Food manufacturers want to convert unsaturated liquid fats into semisolid, consumer-friendly fats. So by applying high hydrogen gas pressure and heat—up to 150 psi (10 atmospheres) and 430°F (220°C)—they force two more hydrogen atoms into the double bonds. That is, they hydrogenate the unsaturated FA’s to make them more saturated. But if they were to saturate every double bond in a polyunsaturated FA, it would become so hard that it would be as inedible as candle wax.

That’s why liquid vegetable oils are only partially hydrogenated—that is, only a fraction of their double bonds are filled in with hydrogen atoms. Moreover, the hydrogenation process is inherently inefficient, so complete hydrogenation would be difficult to achieve anyway.

But here’s where the trans FA’s come in. During the course of hydrogenation, some of the double bonds evade the addition of two more hydrogen atoms by skipping off to another part of the chain. (The double bond migrates .) In the process, their original two hydrogen atoms, circled in the illustrations, which may have been on the same side of the double bond—in a cis configuration —are likely to flip to opposite sides—into a trans configuration. This hydrogen-atom-flipping can take place even without double-bond migration, because the trans form is inherently more stable than the cis form. ( Cis , pronounced “sis,” and trans are from the Latin, meaning “on this side” and “across,” respectively.)
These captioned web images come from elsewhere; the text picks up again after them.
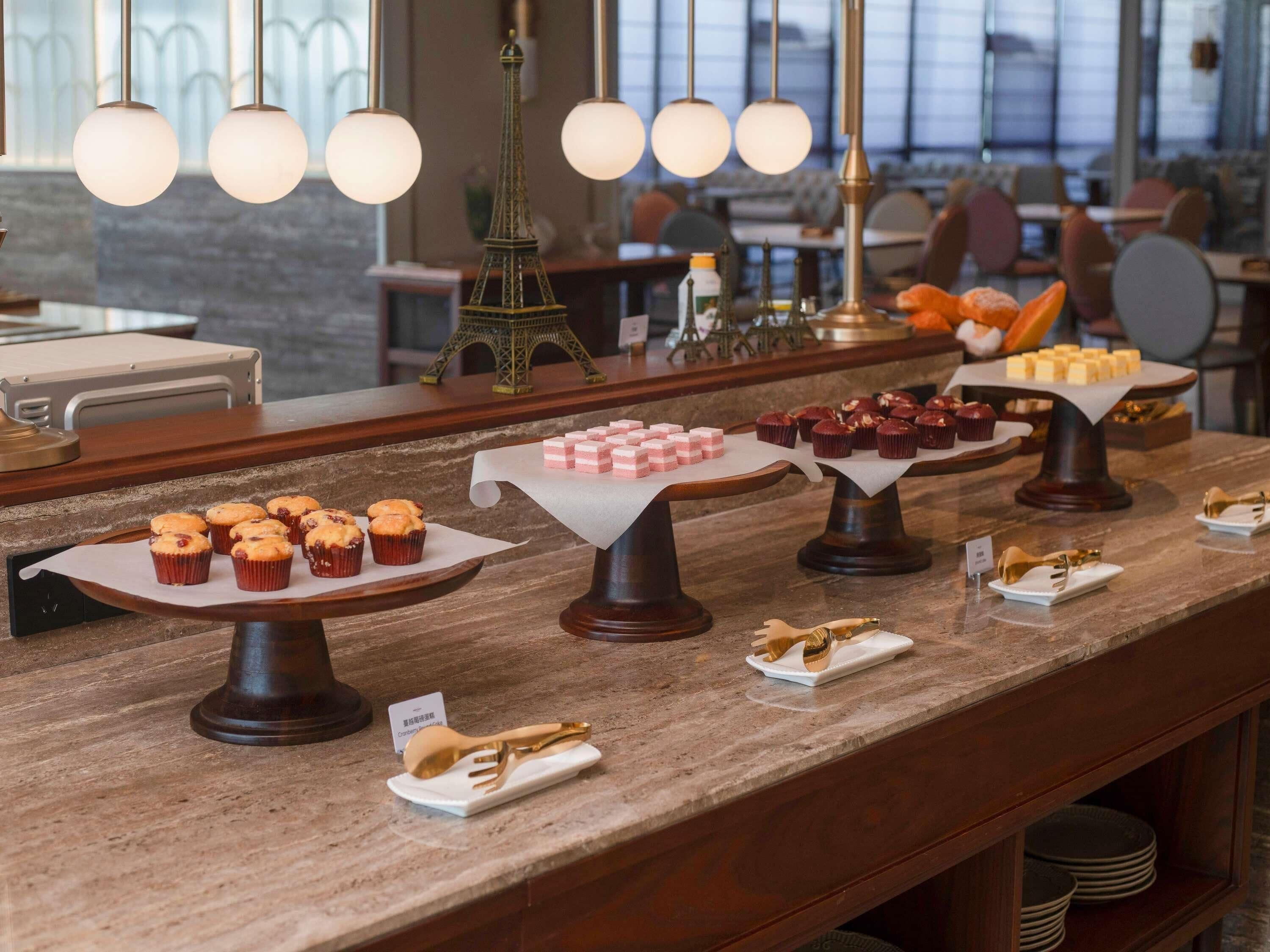 A buffet setup with various food items and a decorative Eiffel Tower model.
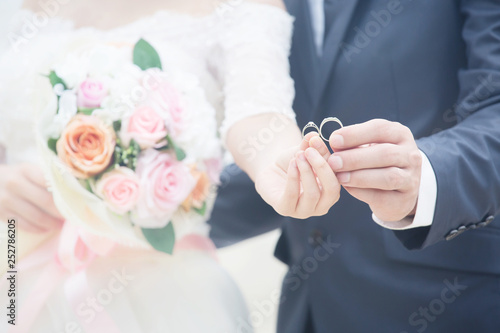 Close up Groom hand and bride. picture of man and woman newly wed couple hands with wedding rings and holding Bouquet of beautiful a rose flower. lover Wedding ceremony.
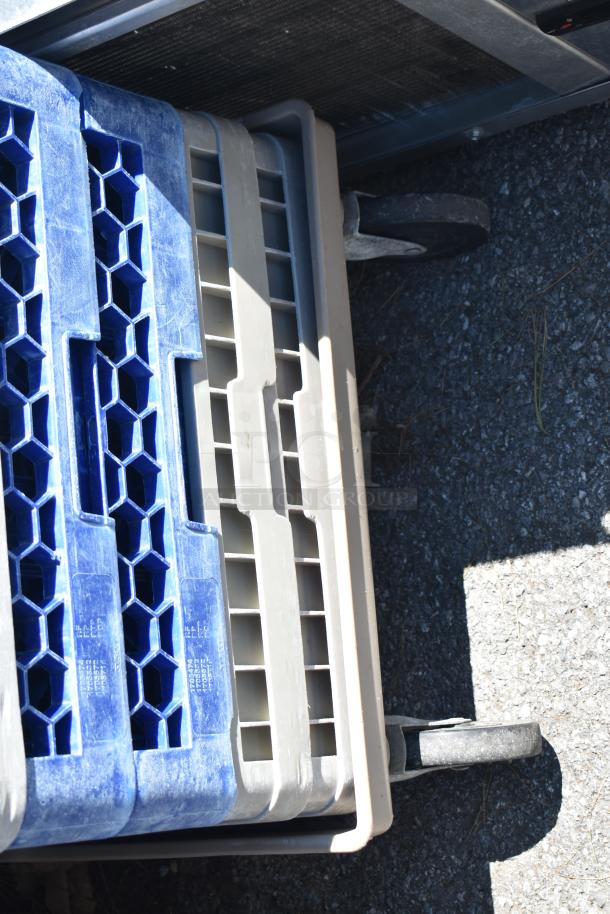 Lot of dish caddy dolly with 12 poly dish caddies on commercial casters, showing blue and gray caddies, used condition.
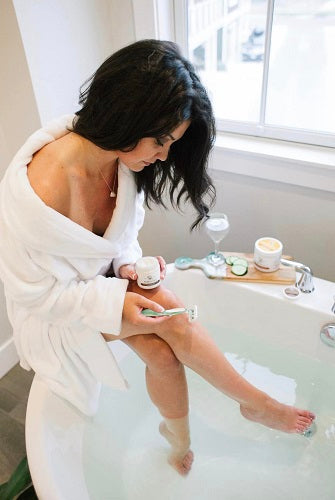 woman shaving her legs with the organic coconut oil face and body polish_pure and coco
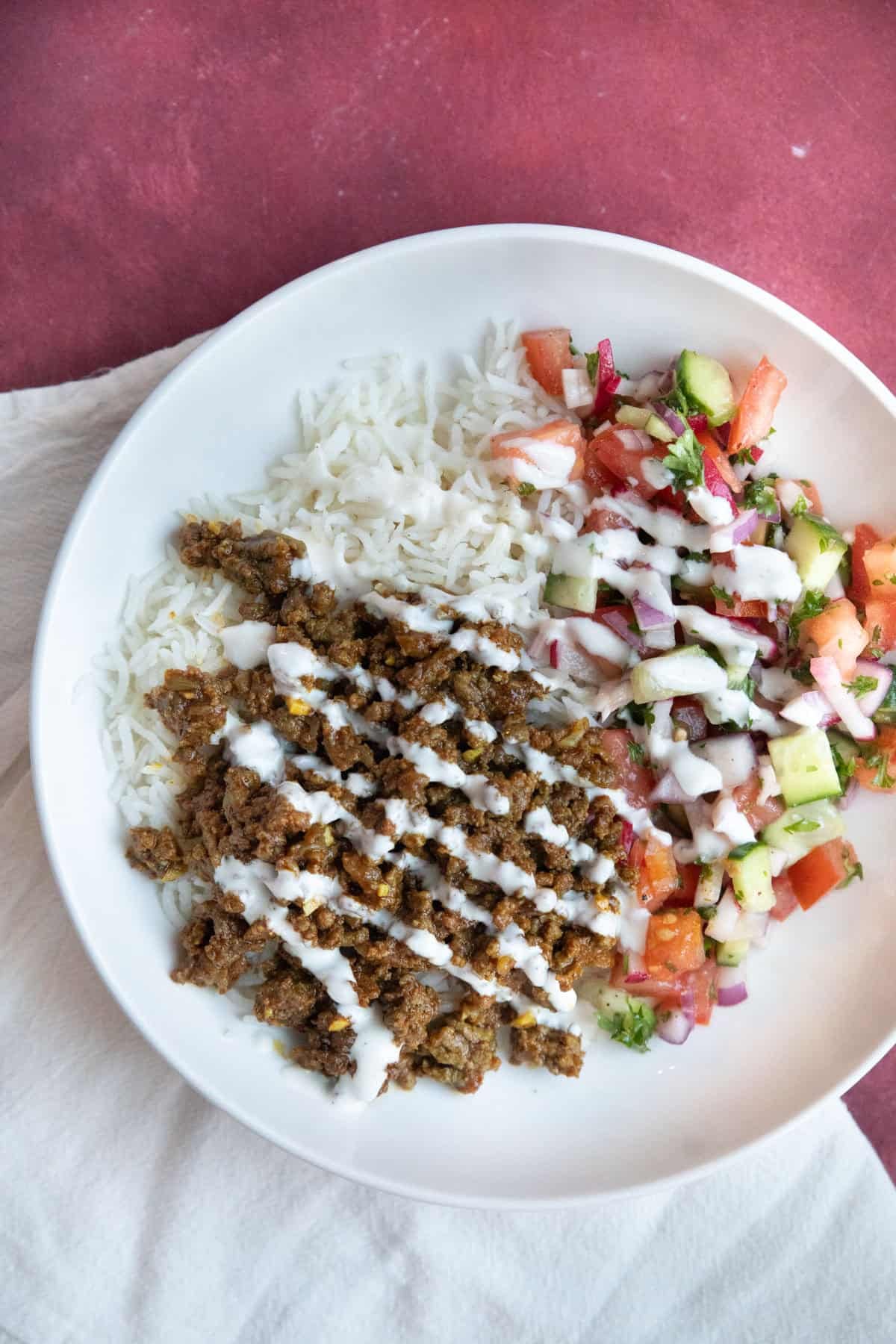 Ground beef bowl with rice and vegetables.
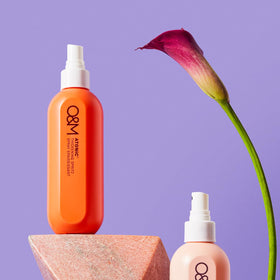 O&M Atonic texture spray hair application shows added body during styling.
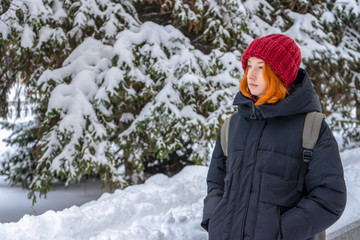 Fototapeta na wymiar Teen girl wearing casual clothes walking on snow covered city street in winter. Young lady spending weekend in city. Urban vacation, winter holiday, slow life. Fashionable outfit, youth fashion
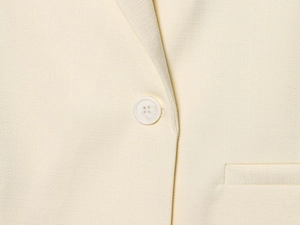 Détail du blazer crème montrant le tissu texturé, le bouton en résine et la poche passepoilée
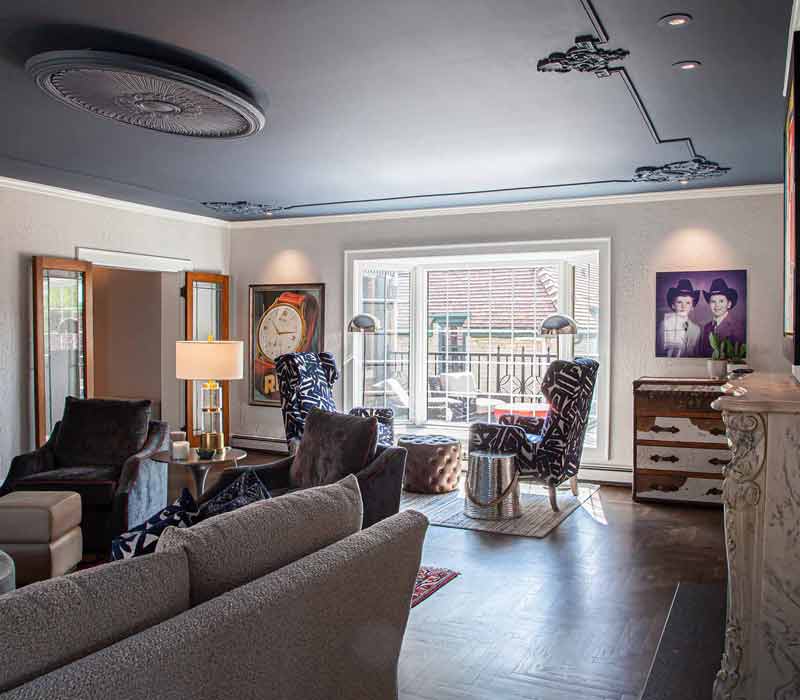 This complete kitchen remodel utilizes timeless materials, an intelligent reconfiguration of the space, and an effortless blend of natural light and warmth. It features cabinetry by DHDK, black quartzite countertops, herringbone wood flooring, a Broan pop-up downdraft hood, and a wet bar.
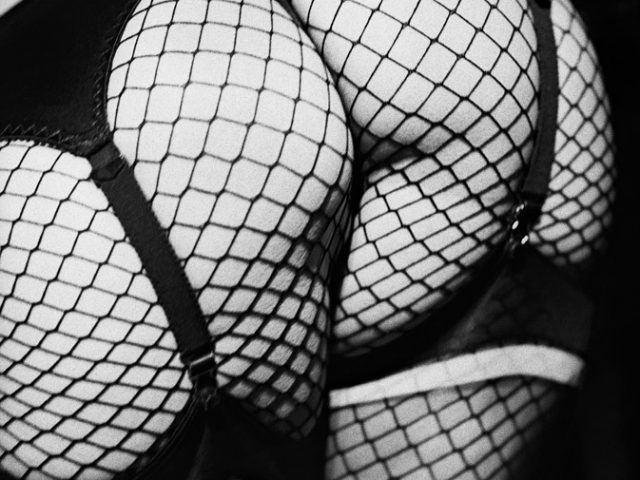 This is a black-and-white photograph of a female's backside in a garter and fishnet stockings.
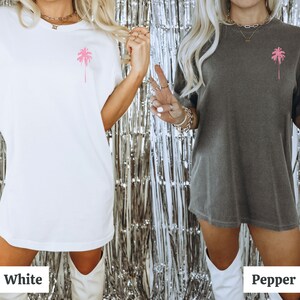 May include: Two women wearing oversized t-shirts with a pink palm tree graphic. The t-shirt on the left is white and the t-shirt on the right is grey. The women are wearing white boots and standing in front of a silver background.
So what if the hydrogen atoms do switch from the cis to the trans positions? Well, the two different resulting molecules (the two so-called isomers ) have the same number of atoms of each kind, but they have different shapes. The cis molecules retain the original kinky shape of a normal unsaturated FA. But the newly formed trans molecules are straighter, more resembling a saturated FA.